Data excerpts

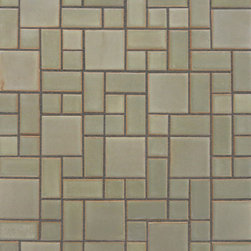 Craftsman Squares Collection - Wall And Floor Tile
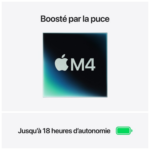 macbook air m4 clavier et trackpad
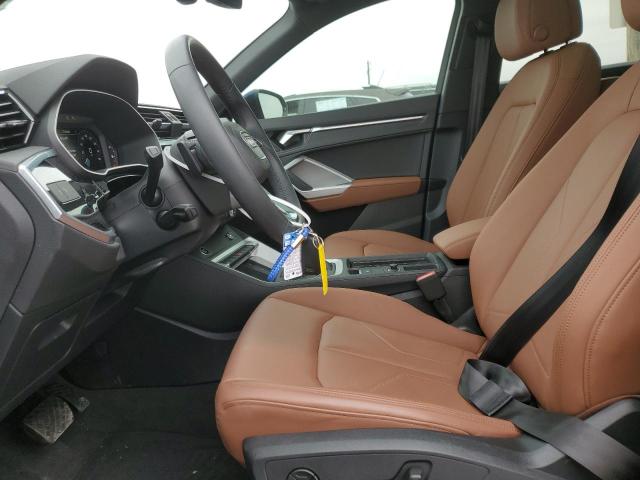 Photo 7 from auction – 2022 AUDI Q3 PREMIUM with VIN WA1EECF35N1033260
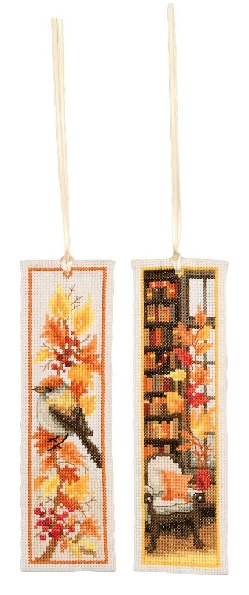 Marquepage - Automne (2)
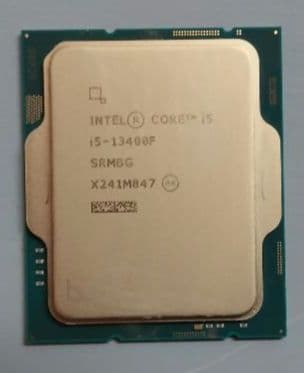 CPU Intel Core i5-13400F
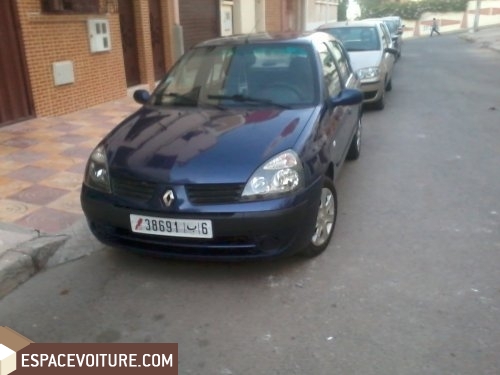 Clio Renault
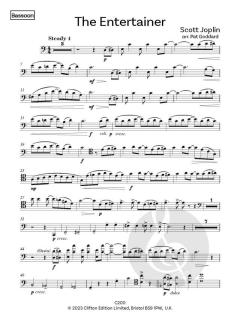 Joplin Rags von Scott Joplin (Download) 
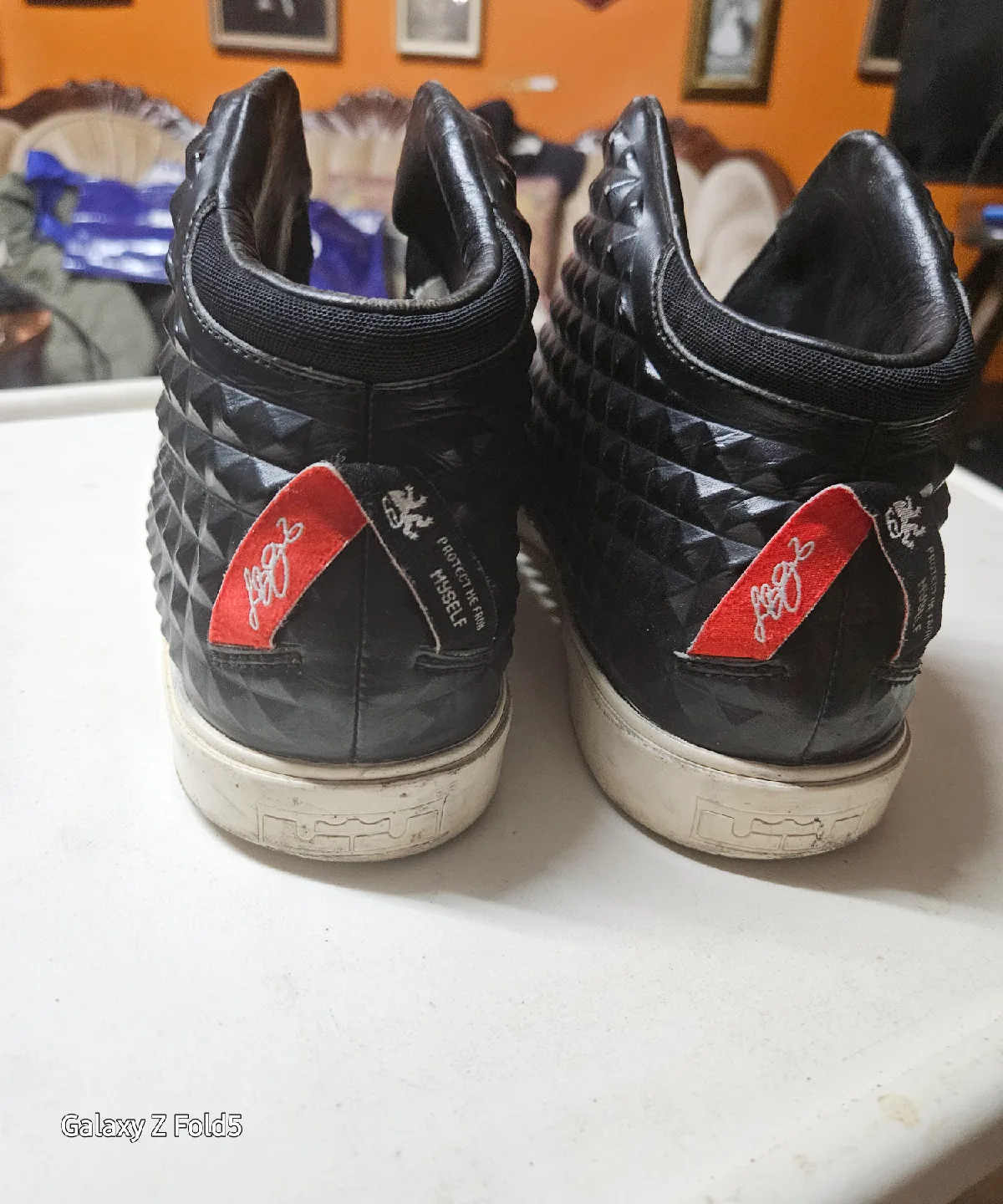 Jordan CP3 Basketball Shoes image indicator(5)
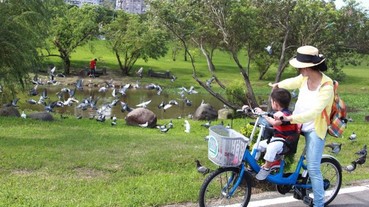 超好騎！全台親子單車路線景點懶人包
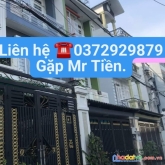 Bình tân, đs10, hxt thông, sát mặt tiền,  gần tân kỳ tân quý, aeon tân phú, sổ vuông vức, nhà mới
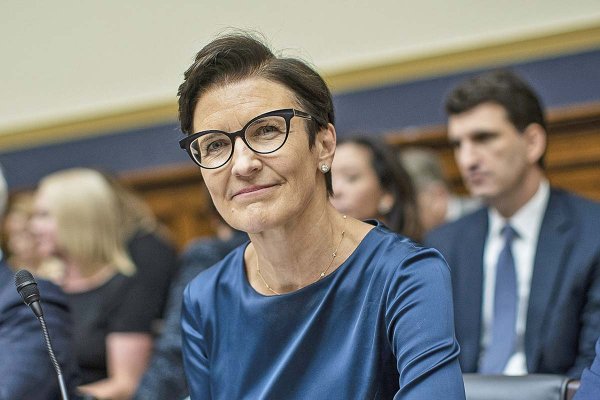 <p>Jane Fraser fue nombrada CEO de Citigroup en 2021. Foto: Bloomberg</p>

▶ What you need to do:
Output all lines above precisely. Pictures are to be left out.

▶ Answer to the exercise:
 Craftsman Squares Collection - Wall And Floor Tile
 macbook air m4 clavier et trackpad
 Photo 7 from auction – 2022 AUDI Q3 PREMIUM with VIN WA1EECF35N1033260
 Marquepage - Automne (2)
 CPU Intel Core i5-13400F
 Clio Renault
 Joplin Rags von Scott Joplin (Download) 
 Jordan CP3 Basketball Shoes image indicator(5)
 超好騎！全台親子單車路線景點懶人包
 Bình tân, đs10, hxt thông, sát mặt tiền,  gần tân kỳ tân quý, aeon tân phú, sổ vuông vức, nhà mới
 <p>Jane Fraser fue nombrada CEO de Citigroup en 2021. Foto: Bloomberg</p>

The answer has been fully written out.